Let other brands sweat it out in southern Europe. Max Mara had a better idea for its Cruise 24 show. Head north to Stockholm, a place where Scandi cool meets spooky fairytales and Midsummer mythology. Back home, London swelters in a mini heatwave, while the hotspots of Europe have become scorched earth. “I think going somewhere cooler in summer will increasingly be a thing,” says the ever-elegant Max Mara designer Ian Griffiths. And sitting here with him, on the terrace of Stockholm’s Grand Hôtel, looking out to the Royal Palace opposite, with crystal clear morning light bouncing off the calm waters of the Strömmen, why would you want to be anywhere else?

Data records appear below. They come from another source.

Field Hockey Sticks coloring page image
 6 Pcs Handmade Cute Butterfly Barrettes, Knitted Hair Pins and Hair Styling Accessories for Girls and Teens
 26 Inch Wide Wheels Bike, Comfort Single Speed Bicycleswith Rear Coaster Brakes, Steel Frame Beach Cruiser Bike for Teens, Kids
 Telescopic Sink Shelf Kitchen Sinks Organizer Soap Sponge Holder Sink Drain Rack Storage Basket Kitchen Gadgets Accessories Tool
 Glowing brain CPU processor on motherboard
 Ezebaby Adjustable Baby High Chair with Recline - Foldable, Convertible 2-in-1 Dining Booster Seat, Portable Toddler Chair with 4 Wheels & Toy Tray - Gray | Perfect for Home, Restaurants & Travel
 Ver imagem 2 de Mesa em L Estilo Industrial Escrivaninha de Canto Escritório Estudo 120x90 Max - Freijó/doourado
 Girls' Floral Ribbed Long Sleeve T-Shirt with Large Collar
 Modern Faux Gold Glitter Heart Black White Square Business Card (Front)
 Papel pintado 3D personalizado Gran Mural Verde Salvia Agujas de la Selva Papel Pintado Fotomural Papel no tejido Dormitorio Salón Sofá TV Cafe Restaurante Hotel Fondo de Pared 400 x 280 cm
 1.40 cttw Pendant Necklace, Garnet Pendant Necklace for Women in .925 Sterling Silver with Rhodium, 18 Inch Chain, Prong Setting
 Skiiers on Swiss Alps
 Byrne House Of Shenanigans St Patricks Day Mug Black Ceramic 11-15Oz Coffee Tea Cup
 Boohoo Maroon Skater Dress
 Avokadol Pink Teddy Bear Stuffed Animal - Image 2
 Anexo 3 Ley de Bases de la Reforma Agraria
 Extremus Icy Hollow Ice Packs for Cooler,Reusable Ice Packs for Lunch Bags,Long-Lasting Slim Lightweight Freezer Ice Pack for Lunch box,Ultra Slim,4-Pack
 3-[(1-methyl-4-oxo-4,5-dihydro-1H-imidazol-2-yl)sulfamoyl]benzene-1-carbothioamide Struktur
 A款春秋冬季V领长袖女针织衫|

The cruise and high jewellery season are in full swing as brands stage lavish far-flung events. The fashion pack have racked up the air miles travelling everywhere from Korea to Mexico, Los Angeles, Florence and Lago Maggiore, but we’ve never been this far north before, so an eager group of editors gather in the business class lounge at Heathrow to swap notes on their Cruise season travels. Footballers who score the most goals in a tournament win the Golden Boot. Sadly, there’s no official trophy for the editor who goes to the most cruise shows. But if there was it would be called the Golden Handbag and Avril Mair would claim it. The Elle and Harper’s Bazaar staffer’s Chanel sandals have barely touched the ground these past few months. She is heading direct from Sweden to Athens for a Louis Vuitton high jewellery event before heading to Paris for couture and then to Dolce and Gabbana’s Alta Moda show in Puglia. It’s the kind of itinerary that stretches a girl’s supply of The Row to the absolute limit.
Speaking of what to wear, Max Mara have issued a dress code for their welcome dinner. We must stick to white or pale pastels in honour of Sweden’s Midsummer traditions. To get us in the Nordic mood, we’re served smoked salmon on the plane and it is surprisingly delicious (surprising because most food on planes is disappointing). We emerge from the airport into bright blue Scandi skies and speed through the elegant streets of Stockholm to the Grand Hôtel. The omens for this trip are good.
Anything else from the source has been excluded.